The rest of the Man Booker Finalists are here!

I make a point of reading (or at least considering) the finalists for several book awards. In 2003, I actually managed to read all five finalists for the National Book Award before the winner was announced (The Great Fire, by Shirley Hazzard), but that’s a feat I have never again managed. The Man Booker Prize, awarded to books by writers in Great Britain, Ireland and the British Commonwealth, is a favorite source of provocative reads, and RPL now has copies of all six 2010 finalists.

This year’s winner is The Finkler Question, by Howard Jacobson. Jacobson has been called the “English Phillip Roth,” but would be preferred to be known as the “Jewish Jane Austen.” First published in the United States in paperback, The Finkler Question is a comic examination of “Jewishness” and the experience of being Jewish in England. I enjoyed his 2008 Kalooki Nights, a dark (very dark) comedy about modern Jews and the legacies of the Holocaust.
Room, by Emma Donoghue, is narrated by a five-year old child who has spent his entire life in the tool shed where he and his mother have been imprisoned by a sexual pervert. I expected it to be depressing at best, but was wonderfully surprised to find it moving and uplifting and even funny. I gobbled it up in one long read.
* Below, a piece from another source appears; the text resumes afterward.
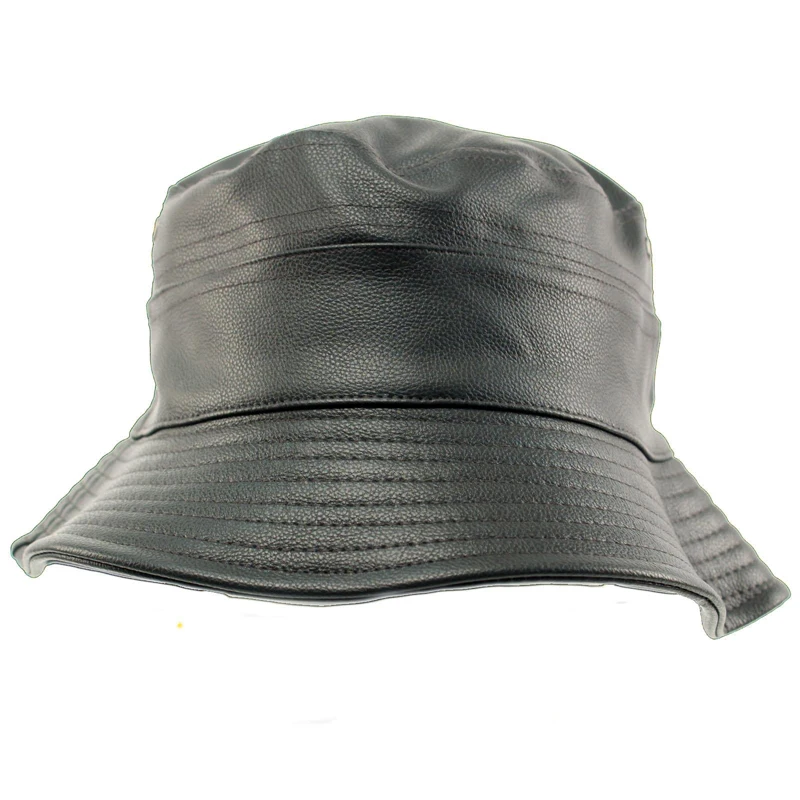 Fashion design cool bucket leather hats with custom logo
I am in the middle of C (yes – that’s the entire title), by Tom McCarthy, a post-modern puzzle box of a novel that was favored to win. While I admire McCarthy’s virtuosity, I am still waiting to be engaged by his characters. The other finalists are Australian Peter Carey’s Parrot and Olivier in America (also a National Book Award finalist), a picaresque romp across 18th century America by an unlikely duo; Andrea Levy’s The Long Song, about slavery in 19th century Jamaica; and In a Strange Room from South African Damon Galgut, a three-part tale of ill-fated journeys on three continents, and just in at RPL.

And what about the National Book Award? Has anyone read any of this year's fiction finalists? The winner, announced this week, is Jaimy Gordon's Lord of Misrule.

1 comment:

Ellen said...

I hated "C", loved Parrot & Olivier, am now reading The Long Song.